Kendisi için ayağa kalkmayan belediye personeline tuvalet önünde bekleme cezası veren Güngören Belediye Başkan Yardımcısı'nın istifası alınmış olması ve Cumhurbaşkanı'nın " Davada kibir sahibine yer yok " şeklinde makûl açıklaması ve uyarısı yerinde bir neşter vuruş olarak vicdani detferlerde kayda geçerken akıllara ister istemez 24 Kasım Öğretmenler Günün'de Konya Valisi'nin kürsüden yaptığı uyarı geldi. Hatırlarsak ; o gün gazeteci olduğu sonradan anlaşılan sakallı bir genç sonraki açıklmasına binaen bir anlık gafleti ile nezaket dışı bir oturma şeklinden dolayı yüzlerce kişinin önünde Konya Valisi tarafından " Sen öğretmen misin birader ?" diye başlayan cümlelerle uyarılmanın ötesinde amiyane tabirle "haşlanmıştı".
Atanmışların keyfi ve kibri tutumlarından bunalan halk, seçilmişlerle yönetilmenin her birime sirayet etmesi için "BAŞKANLIK SİSTEMİNE" evet demesi ile ilintili olan yukarıdaki iki konu acaba başkanlık sistemi Vali -Belediye Başkanı'nı aynı masada ne zaman oturtacak sorusunu akla getirmiştir. Seçilmişlik dairesinde bulunan belediye başkan yardımcısının davranışından dolayı haklı tepkiler neticesinde istifası alınmıştır.Lakin, başkanlık sitemine geçilmiş olmasına rağmen valisini seçemeyen halkın, atanmış bir valinin seçilememe kaygısı yaşamadağı için rahatlıkla kibirli davranış serdetmesine seyirci kalmakla birlikte "tevazulu dava adamlığının" belediye sınrılarında kalırken valilik sınrılarına neden uğramadığını sorgulama yetisinden uzak kalmışlığı da ayrı bir dram olsa gerek.
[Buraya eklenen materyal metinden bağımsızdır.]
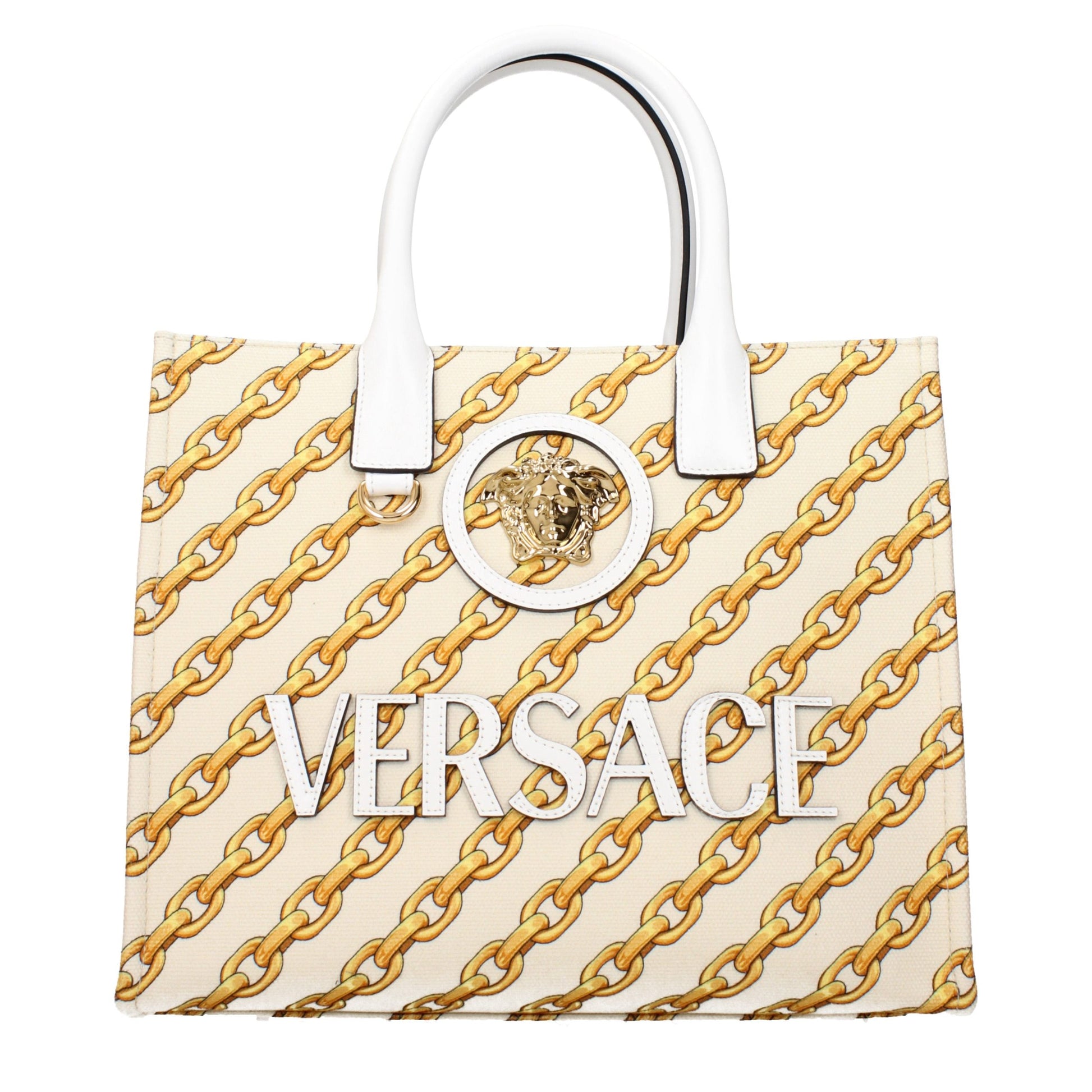 Beige Fabric Handbag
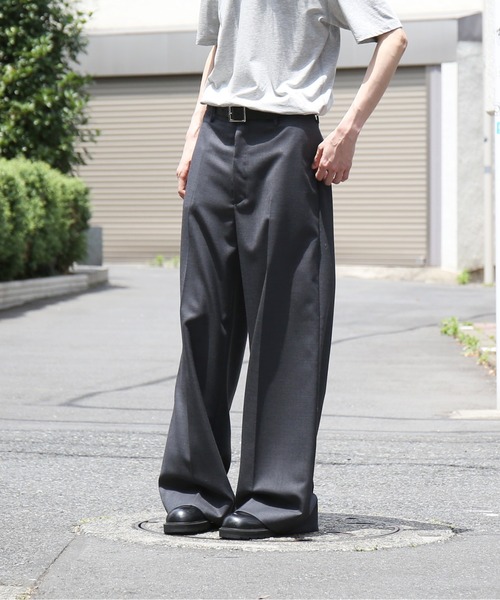 ワイドパンツ スラックス 「EXCLUSIVE」NEONSIGN Anatomic straight slacks メンズの画像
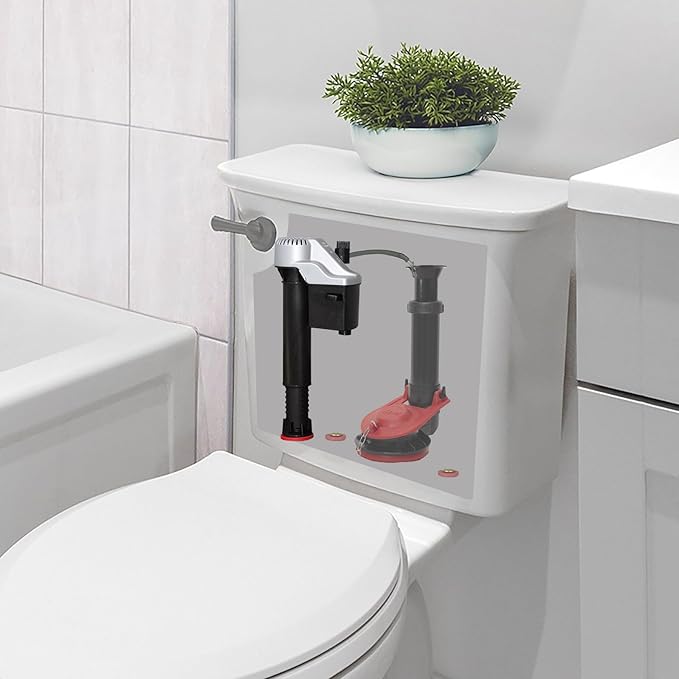 Korky Standard 2-Inch Complete Toilet Repair Kit with Chrome Simple Style StrongARM Toilet Handle and Lever
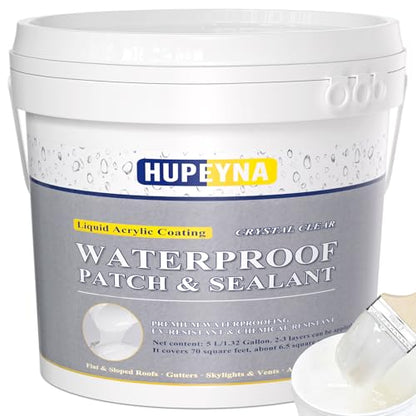 Hupeyna Invisible Waterproof Agent, Liquid Waterproof Sealant 1.32 Gal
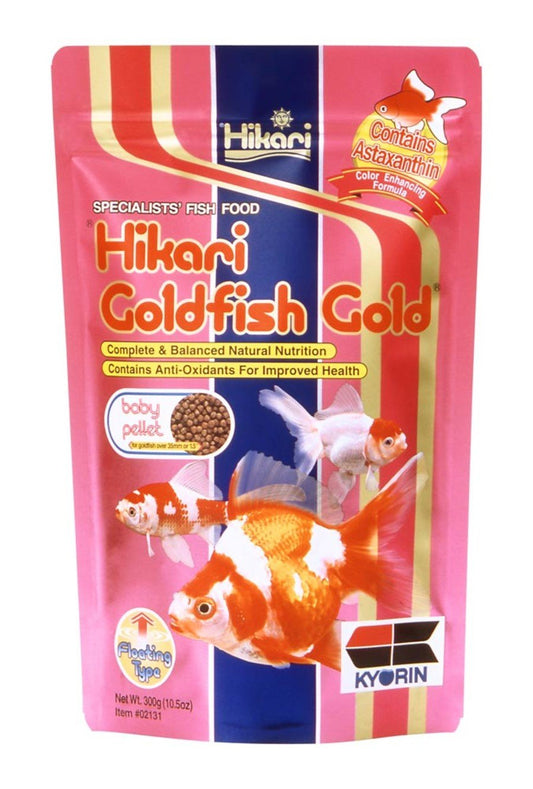 Hikari Goldfish Gold Baby Pellet 10.5oz, Hikari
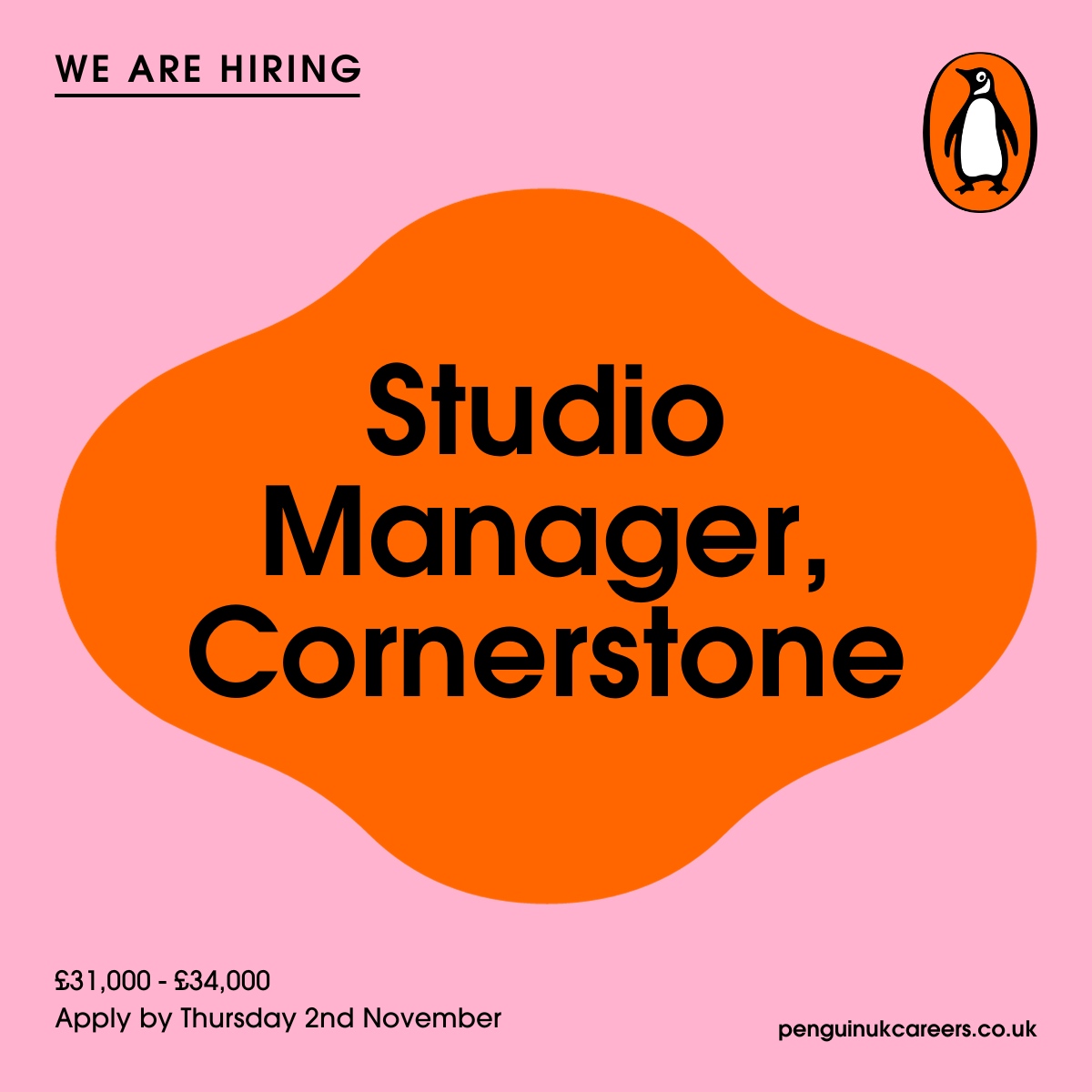 penguinukjobs's tweet photo. 🐧📢Do you have an innate sense of calmness? Are you adept at managing the workload of a busy design team?

We;re looking for someone to oversee, trouble shoot and manage the schedule for a busy and productive design team! 

More info: https://t.co/a6PXKLTKFi https://t.co/zcVOZucQbt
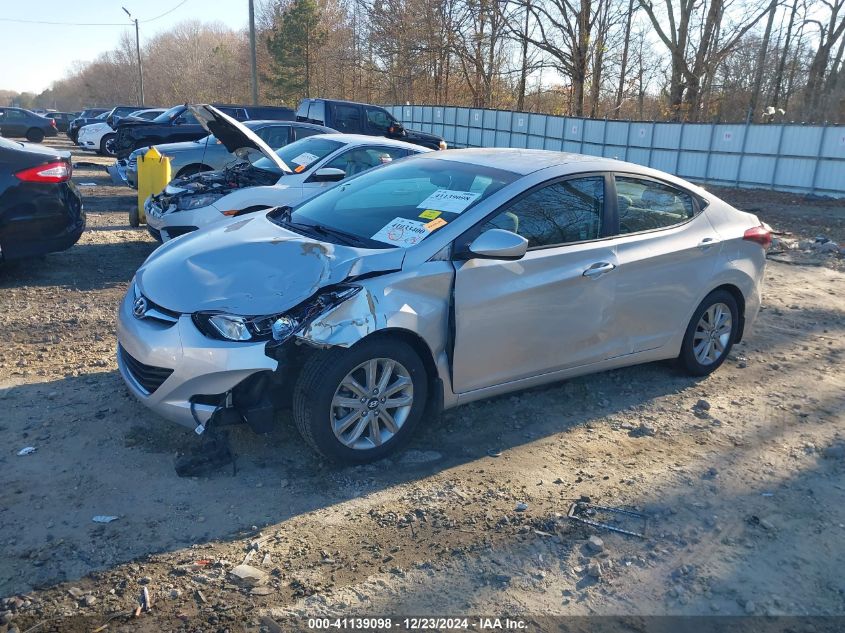 2016 Hyundai Elantra Se VIN: KMHDH4AE7GU589865 Lot: 41139098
Personeline ayağa kalkmama veya hitap ettiği kitleye oturma adabı konusunda eğitim ve terbiye vermeye kalkışan amirin bunu onur kırıcı şekilde yapması ayrı bir insani eğitim konusu olmakla birlikte adalet ve eşit davranış ilkesi gereği şu soruları sorarsak abesle iştigal etmeyiz sanıyorum:
1- Belediye kurumu seçim korkusu ile doğrudan ayar moduna girerken her hangi bir valilik kurumunun sanki bi başka otoriteye bağlıymışcasına dava-kibir denkleminin dışında tutulup ayar dışında kalması mantıklı mıdır?
2-Belediye başkan yardımcısına ayağa kalkma taziminde bulunmayan kirli sakallı birazda kilolu arkadaş yerine, muhalif partinin o bildik "inadına dekolte" meşrebinden bir bayan olsaydı acaba yine tuvalet önünde bekleme cezası alır mıydı ? Yada böyle birisi hiç mi olmadı ? Olduysa da basına mı yansımadı ?
3- Öğretmenler Günün'de " bacak bacak üstüne atmak" değimini tecelli ettiren sakallı genç yerine çağdaş kemalist bir öğretmen Hanım(!) görünütüsüne haiz kısa etekli bir kadın aynı tutumu serdetseydi , bu kadına ayar vermek için " Sen öğretmen misin bacım ?" gibi bir cümle kullanılır mıydı ? Vali Bey böyle bir hitabı kullansaydı valinin ayarını alkışlayan veya tarafsız kalan medya acaba ne gibi bir tepki verirdi? Büyük ihtinmal vali çağdışılıkla suçlanır ayrıca kadın hakları vs gündeme gelirdi.
İşte toplumun en tepesinden en aşağısına kadar adalet, kibir ,dava adamlığı ,cinsiyet gibi konularda çifte standart kokan uygulamalar yaşandığı sürece bu toplumda adalet ve ahlak yeşermesi kendine zemin bulmakta zorlanacaktır. Bireyler , adalet ve uygulamalar zemininde kendi özgüvenini cinsiyetine , kıyafetine ve o an hangi kurumda olduğuna göre yaşıyorsa o toplumda gerçek anlamda tevazulu lider, adil yönetici, özgür birey yoktur.